Metaclustering is based on the hypothesis that, as each clustering algorithm embodies a different prism by which it sees the data, running an infinite amount of algorithms would result in the emergence of the “true” clusters. As the number of algorithms and parameters is finite, the probabilistic perspective is a useful proxy. This method is interesting where there is no obvious reasons to prefer one over another clustering method, as well as to investigate how robust some clusters are under different algorithms.
list_of_results <- list(
rez_kmeans, rez_hclust, rez_hkmeans, rez_pam,
rez_hclust2, rez_dbscan, rez_hdbscan, rez_mixture
)
probability_matrix <- cluster_meta(list_of_results)

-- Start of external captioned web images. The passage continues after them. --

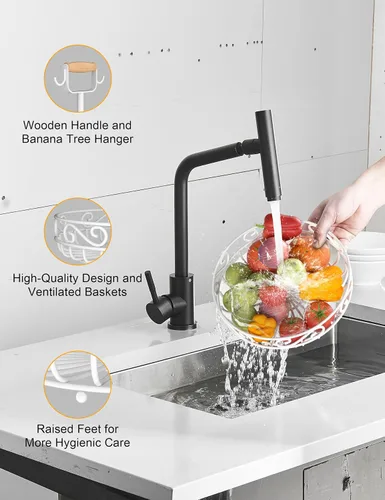 Miniatura 4 de Plato de 2 niveles y frutero – Almacenamiento de frutas y verduras con colgador de árbol de plátano y mango de madera, cesta de frutas para encimera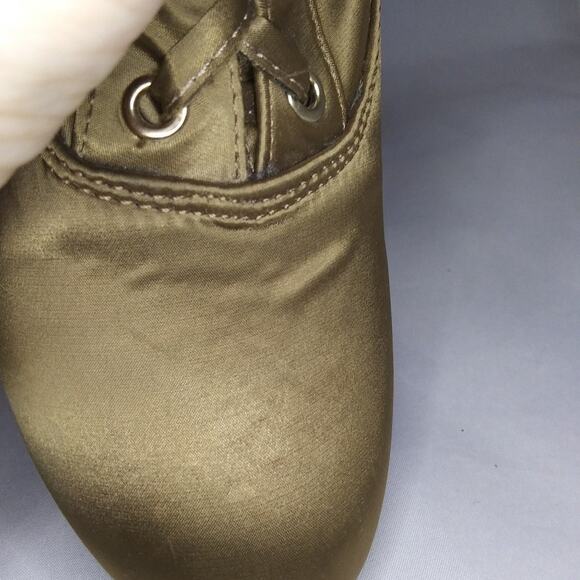 Nature Breeze Satiny Fabric Lace Up Boots 3 Inch High Heel Booties Size 5 1/2 - Picture 12 of 12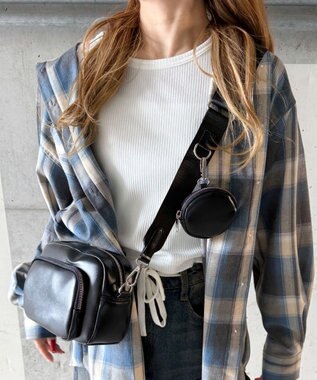 WEGO サークルポーチ付きスクエアショルダー ブラック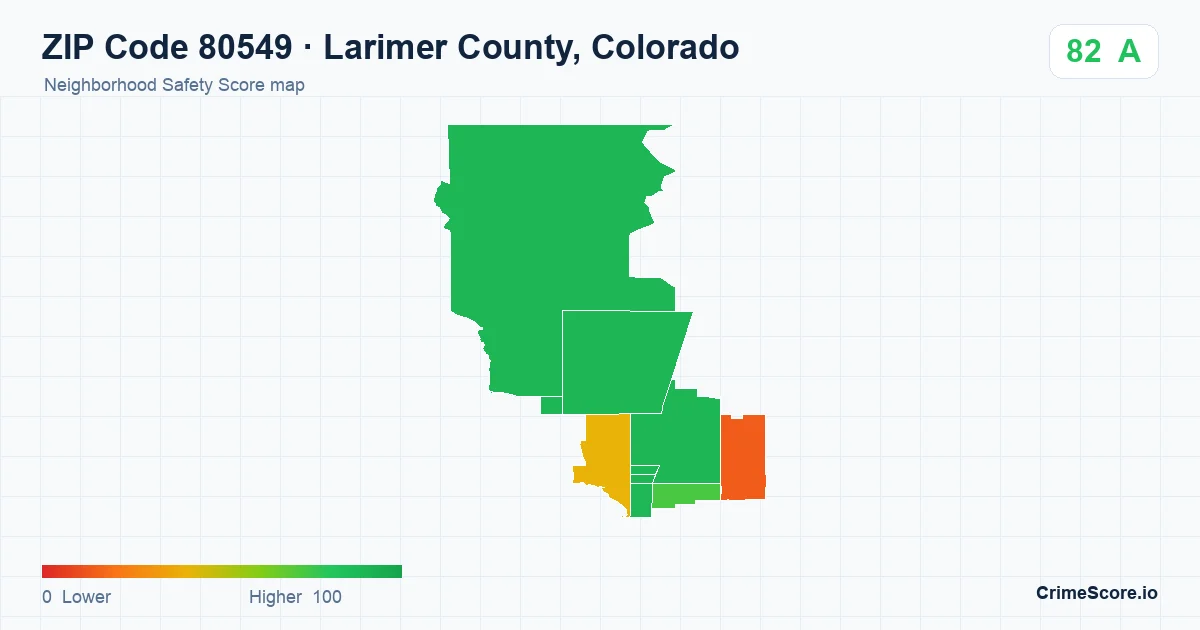 ZIP Code 80549 in Larimer County, Colorado neighborhood Safety Score map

# Plot the matrix as a reordered heatmap
heatmap(probability_matrix,
scale = "none",
col = grDevices::hcl.colors(256, palette = "inferno")
)
The dendrogram (which is a hierarchical clustering of the clustering solution, hence the name of metaclustering), as well as the heatmap (in which the darker squares represent a higher probability of belonging to the same cluster) shows that there is one metacluster consisting of the 1-50 first rows (bottom left), and then the rest of the observations are closer to one another. However, two subclusters are still visible, corresponding to the “true” species.
The metaclustering approach confirms our initial hypothesis, the setosa species stands out quite clearly, and the separation between the two other species is less clear cut.